Other investigators have suggested that no antidepressant use^{21; 33} and baseline severity¹⁸ may help identify patients who are likely to respond better to DCS augmentation. However, we were not able to support either of these emergent findings in the current study. We did find that CBT may be less effective in individuals taking benzodiazepines, consistent with clinical trial and observation data^{11; 12; 34}. As such, prior to considering augmentation of CBT with these patients, strategies for treatment in the context of benzodiazepine discontinuation should be considered³⁵.

A number of limitations of our study deserve note. Our study targeted response in a brief trial, in a generally-selected sample of treatment-seeking adults with panic disorder, including patients failing to respond adequately to pharmacotherapy. It remains an open question whether DCS augmentation can rescue treatment response in individuals who have failed previous trials of exposure-based CBT, but there are initial indications that this might be the case^{36; 37}. Also, in both animal models and clinical trials^{38; 39}, the degree of low fear achieved at the conclusion of an exposure session appears to moderate DCS augmentation response. In the current study, we did not systematically collect fear estimates across exposure, and hence we are not able to examine this factor as a moderator. Additionally, unexpected site effects were observed for several of our outcome variables. Notably, patients at the IOL site demonstrated greater impairment and greater improvements in ASI and Q-LES-Q scores over time than those at the BU or MGH/Rush sites despite evidence of less augmentation offered by the study drug in the primary outcome measure (i.e., PDSS) at IOL. Hence, the greater improvement in both study conditions on primary and secondary variables of interest at the IOL site may have obscured potential augmentation effects. Statistically accounting for site differences in ASI and Q-LES-Q scores did not eliminate site main effects on the PDSS outcome measure.

Conclusion

This study adds to the growing literature on DCS suggesting that it accelerates response early in treatment, but that this relative advantage is attenuated over time. Our data further suggest that an ultra-brief CBT program for panic disorder demonstrates efficiency and efficacy³¹, and warrants consideration for further application in clinical practice.

Acknowledgments

This research was supported by NIMH grants R01-MH081116 to Dr. Otto, R01-MH081132 to Dr. Pollack, and R01-MH081130 to Dr. Tolin. Funding agencies had no role in the study design, collection, analysis or interpretation of the data, writing the manuscript, or the decision to submit the paper for publication.

Financial Disclosures

Dr. Otto reports serving, in the last three years, as a paid consultant for MicroTransponder Inc., Concert Pharmaceuticals, and ProPhase, providing expert consensus opinion for Otsuka Pharmaceuticals, receiving royalty support for use of the SIGH-A from ProPhase, receiving book royalties from Oxford University Press, Routledge, and Springer, and receiving research support for other projects from NIH.

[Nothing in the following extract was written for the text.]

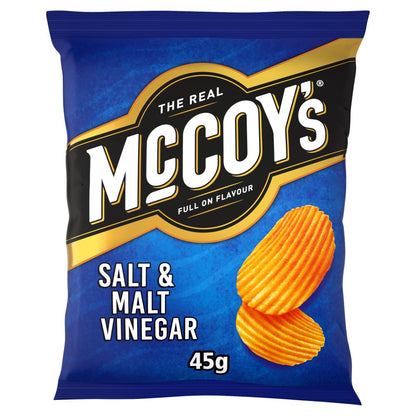 McCoy's Ridge Cut Salt & Vinegar Crisps 45g - Box of 36
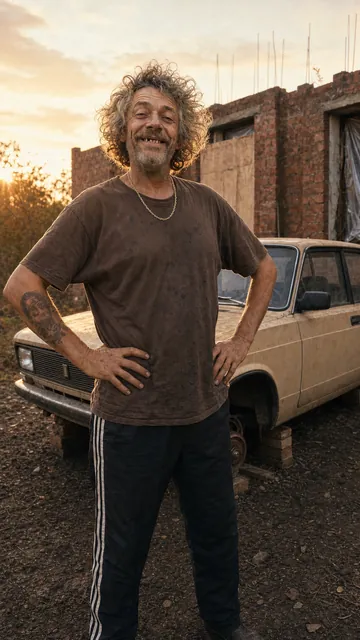 Jarmil in front of the old car on bricks, hands on his hips like a director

Dr. Pollack reports serving on the advisory board or consulting for Clintara, Concert Pharmaceuticals, Corcept Therapeutics, Edgemont Pharmaceuticals, Eli Lilly, Ironwood Pharmaceuticals, Medavante, Merck, Palo Alto Health Sciences, and Project Plus, receiving equity from Doyen Medical, Medavante, Mensante Corporation, Mindsite, and Targia Pharmaceuticals, and receiving royalties/patents for SIGH-A and SAFER interviews.

Dr Dowd reports receiving research funding from Pfizer, Janssen and Edgemont Pharmaceuticals and serves as a paid consultant with Clintara and Otsuka Pharmaceutical.

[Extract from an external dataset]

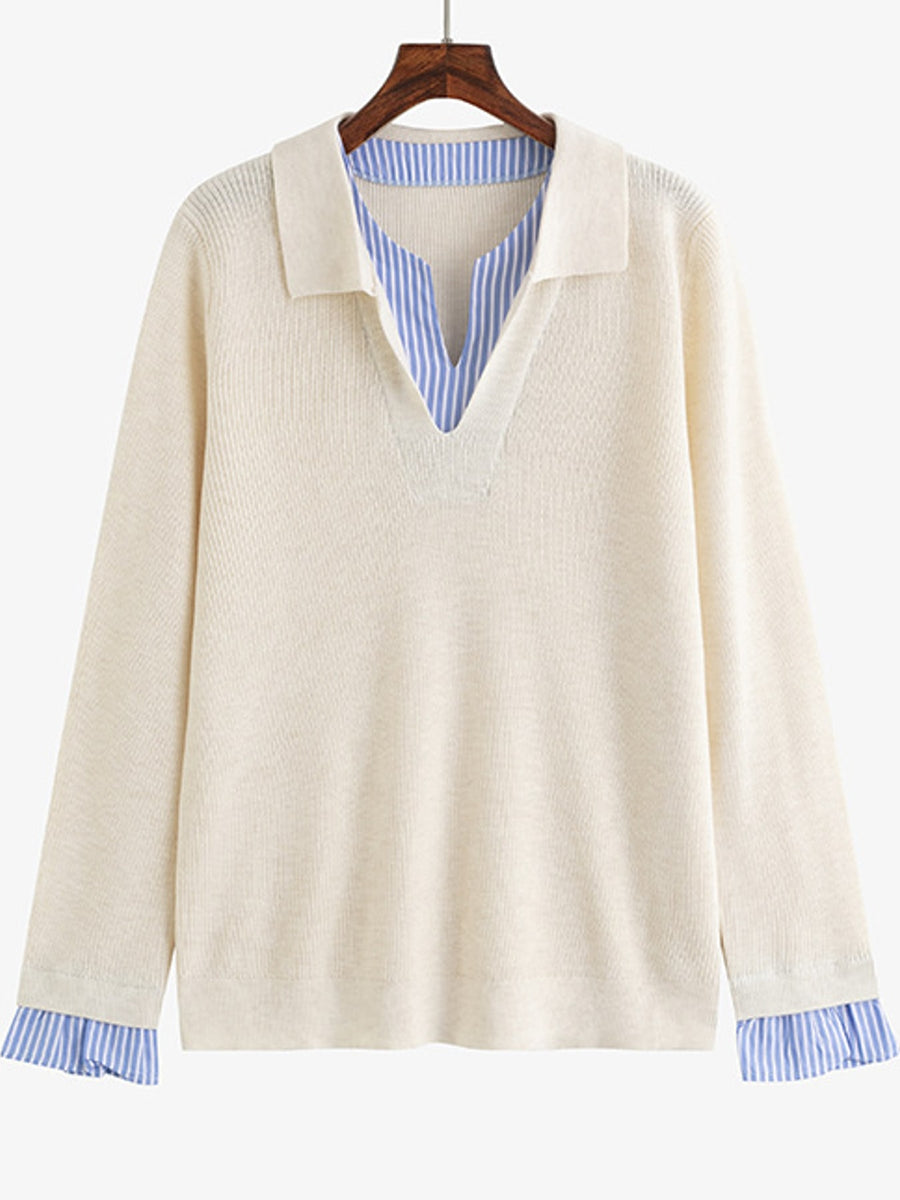 pullover sweater in light gray with ribbed and hip-length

Dr. Hofmann receives support from NIH/NCCIH (R01AT007257), NIH/NIMH (R01MH099021, R34MH099311, R34MH086668, R21MH102646, R21MH101567, K23MH100259), and the Department of the Army for work unrelated to the studies reported in this article. He receives compensation for his work as an advisor from the Palo Alto Health Sciences and Otsuka America Pharmaceutical, Inc., and for his work as a Subject Matter Expert from John Wiley & Sons, Inc. and SilverCloud Health, Inc. He also receives royalties and payments for his editorial work from various publishers.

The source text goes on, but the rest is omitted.